Barbara Kingsolver
5 Writing Tips: Barbara Kingsolver
"The enterprise of writing a book has to feel like walking into a cathedral."
By Barbara Kingsolver |
Oct 12, 2018
Writers work successfully in so many different ways, I never assume that what works for me is best for someone else. But if a common denominator exists among us, it might be attitude: the enterprise of writing a book has to feel like walking into a cathedral. It demands humility. The body of all written words already in print is vaulted and vast. You think you have something new to add to that? If so, it can only come from a position of respect: for the form, the process, and eventually for a reader’s valuable attention.
But if you’ve got a writer’s blood in your veins, you’re going to do it anyway. So it’s a project of balancing the audacity to do this work, and the humility to keep trying until you’ve gotten it right. Here are some strategies.
1. To begin, give yourself permission to write a bad book. Writer’s block is another name for writer’s dread—the paralyzing fear that our work won’t measure up. It doesn’t matter how many books I’ve published, starting the next one always feels as daunting as the first. A day comes when I just have to make a deal with myself: write something anyway, even if it’s awful. Nobody has to know. Maybe it never leaves this room! Just go. Bang out a draft.
2. Then revise until it’s not a bad book. Revision is my favorite work, the part of the process when art really happens. Once you know where you’re going, you can back up and tilt every scene in just the right direction. You can replace every serviceable sentence with one that glows with its own original light. This of course requires an eagerness to throw away a lot of serviceable sentences. Lean on the delete key. It’s frustrating to write a hundred pages you know will not survive, but this is the dirt you have to excavate to get to the vein of gold. These are pages of your novel too, just the unseen ones—let’s call them pages negative-100 to zero—and you can’t skip them. If it helps, keep a “recycle” folder: when you’ve written a scene you love, but reluctantly concede that it’s not moving your story forward, clip and save it in a “maybe” file in case you find some good use for it later. Probably you won’t. But if that illusion helps you cut harder and deeper, this is all to the good.

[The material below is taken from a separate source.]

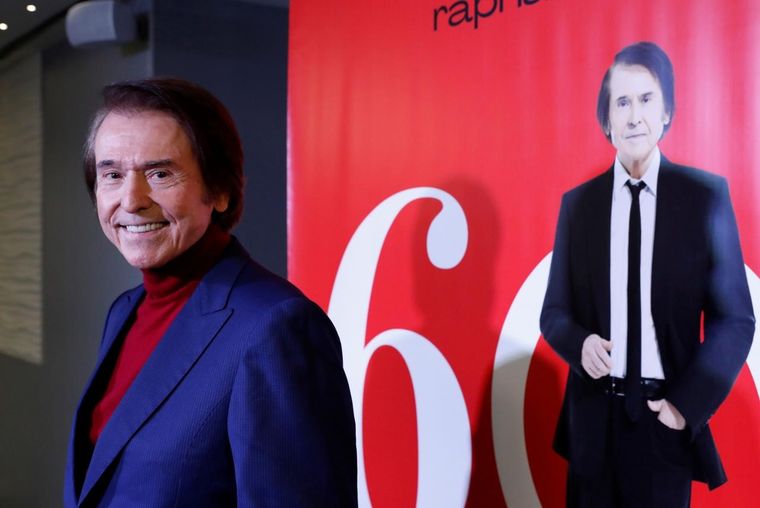 Rapahael anunció la llegada de su serie documental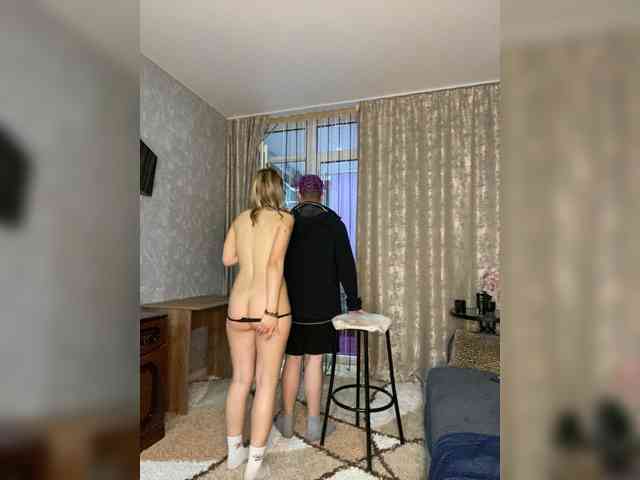 Blonde-mur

3. Get cozy with your own company. It’s no coincidence that a lot of writers are introverts. At some point in the life of a manuscript you’ll want to get feedback, but not while it’s in the birth canal. Ninety-nine percent of your working life will be spent laboring in a room by yourself. I can’t overstate the value of silencing the social noise and writing with nobody looking over your shoulder. Other people may tell you what sells, what the market is hungry for, and to my mind that information is unhelpful, if not toxic. If you hope to add some original stone to the cathedral of books in print, it will have to come from your unique position in the universe. It takes a quiet acquaintance with your own mind to identify that place.
4. Study something other than writing. In school, in life, wherever you can get it, acquiring authority over interesting material will boost the confidence side of your writing equation. I feel incredibly lucky to be one of the few novelists on the planet who followed the (somewhat accidental) plan of getting undergraduate and graduate degrees in biology before starting my literary career. If I had it all to do over again, on purpose, I would follow the same course, not just because I love science but also because of the career edge it offers. I have at my disposal a well of information on, say, evolutionary theory, genetics, the mechanics of climate change and such as that, which I can work to translate into literature for readers who didn’t take those classes but are honestly eager to learn. If I had three wishes, I might spend one on giving more scientists the facility and will to write novels. We could also use more novelist-anthropologists, civil engineers, farmers, you name it. Craft is a lifelong study for writers: debut novels I read for fresh vision; classics I reread carefully for technique; the plots of movies I deconstruct while my patient husband drives us home from the theater. Craft is always on the table. But content can make the meal.
5. If you’re young, and a smoker, you should quit. Ditto for all other habits likely to shorten your life. Self-destructive behaviors are useful to a writing career only in the movies. In actual experience I’ve never known a manuscript to be moved forward by a reckless affair, drinking binge, or tangle with the law. The boring truth is we need to look after ourselves, for a good reason: getting old is our secret weapon. Readers come to books for many reasons, but ultimately they’re looking for wisdom. That’s something writers can offer only after we’ve accrued it, like scar tissue, usually by surviving things we didn’t want to deal with—a process otherwise known as aging. This is fantastically good news! Twenty, thirty, or forty years after all the athletes, dancers, models and actors of our cohort have been put out to pasture, we can look forward to doing our greatest work.
Barbara Kingsolver's latest novel is Unsheltered.